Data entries
>>>

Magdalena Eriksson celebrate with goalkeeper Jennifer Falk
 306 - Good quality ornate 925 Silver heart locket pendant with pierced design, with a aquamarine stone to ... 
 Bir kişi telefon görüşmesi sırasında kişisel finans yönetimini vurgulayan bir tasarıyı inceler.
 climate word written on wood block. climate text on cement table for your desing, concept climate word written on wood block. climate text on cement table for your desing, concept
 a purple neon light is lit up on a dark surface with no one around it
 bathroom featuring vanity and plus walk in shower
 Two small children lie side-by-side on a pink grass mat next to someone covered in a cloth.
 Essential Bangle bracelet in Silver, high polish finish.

<<<

## Activity
What is needed is an exact copy of the line containing "bathroom featuring vanity" and each line after it, through the final line of the entries above.

## Result for this exercise
 bathroom featuring vanity and plus walk in shower
 Two small children lie side-by-side on a pink grass mat next to someone covered in a cloth.
 Essential Bangle bracelet in Silver, high polish finish.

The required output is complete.